“Ghetto Brewing” by McKinley Alvarez – Guest Post

McKinley Alvarez, Kombucha Homebrewer, photographer and yoga teacher, delivers his thoughts on "ghetto Kombucha brewing techniques" in this guest postPlease welcome Guest Poster and Power Homebrewer McKinley Alvarez from Santa Cruz, CA!

Today’s post is all about advanced brewing techniques using fresh fruit.

While I advise brewers never to use fruit during primary fermentation to protect the health of the brew, of course there are many ways to make Kombucha as the SCOBY is an extremely hearty organism.

In that spirit, McKinley shares some ideas of how he makes his flavored Kombucha. Enjoy!

(He also takes awesome photos: check out his Flickr stream.)


Thank you Kombucha Mamma for inviting me to share my story of ghetto brewing! This is an honor since I consider you a critical resource to the Kombucha community.

I hope my story will inspire people who may be afraid to try brewing their own Kombucha.

Kombucha Brewing Jars
McKinley's jars

I can’t imagine life without Kombucha. When i’m hungry but don’t have time to eat, I drink some Kombucha to keep me going for a couple hours.

If I go a day or two without Kombucha, I find myself eating fruit like it’s going out of style to replace all the vitamins and nutrients my body is used to getting.

I also think it helps settle my stomach down too, but who knows, I’m not a doctor.

“I can’t imagine life without Kombucha.”

I remember the first time I heard of Kombucha—it was at the Bikram yoga studio where I practise. Only the teachers were drinking it, or so it seemed. GTs Kombucha is so expensive, at $3.50 – $5 a bottle and, being on budget, I didn’t actually get to try it for awhile.

Some people say Kombucha is an acquired taste, but I was hooked after my first bottle of Divine Grape. Oh my God, I had never tasted anything so refreshing. I got so hooked, a hippie friend of mine encouraged me to make my own. “No way can this make mine taste like the expensive GTs brand I’ve been buying,” I thought.
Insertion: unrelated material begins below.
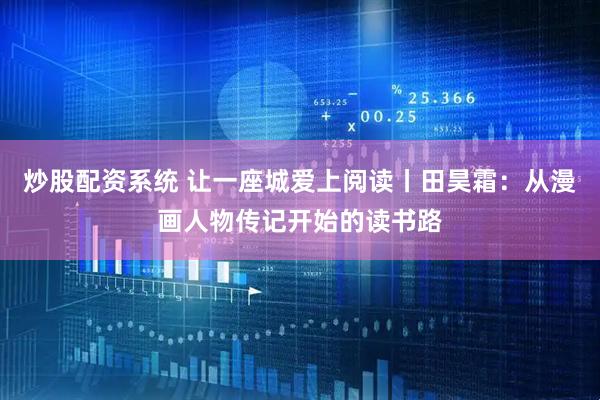 炒股配资系统 让一座城爱上阅读丨田昊霜：从漫画人物传记开始的读书路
Fast forward a few months and I’m on the unemployment line wondering how I’m going to afford my Kombucha addiction. Remembering that Kombucha is an ancient Chinese tea, I researched how to brew my own on this very website. I decided I wanted to try making Strawberry Serenity or Divine Grape, my two favorite flavors.

Fruit added in during the kombucha brewing process.
Fruit added in during the kombucha brewing process. (p.s. Cheesecloth will let in fruit flies. Use a closed-weave cloth cover McKinley!)

I dove in a got a kombucha culture —it looked weird and slimy. I suddenly found myself immersed in the world of what I call “Ghetto brewing.”

“Ghetto brewing” is how I describe brewing on a budget. Maybe you would call it the idiot’s guide to brewing.

I have to keep it simple: instead of using loose leaf tea, I use tea bags (organic ones from Trader Joe’s or Paul Newman’s brand). Instead of fresh fruit, I use frozen fruit. Instead of swingtop bottles, I used my empty Kombucha bottles. Anything to save a penny.

“That’s the exciting thing about Kombucha,
there’s a lot of room for experimentation.”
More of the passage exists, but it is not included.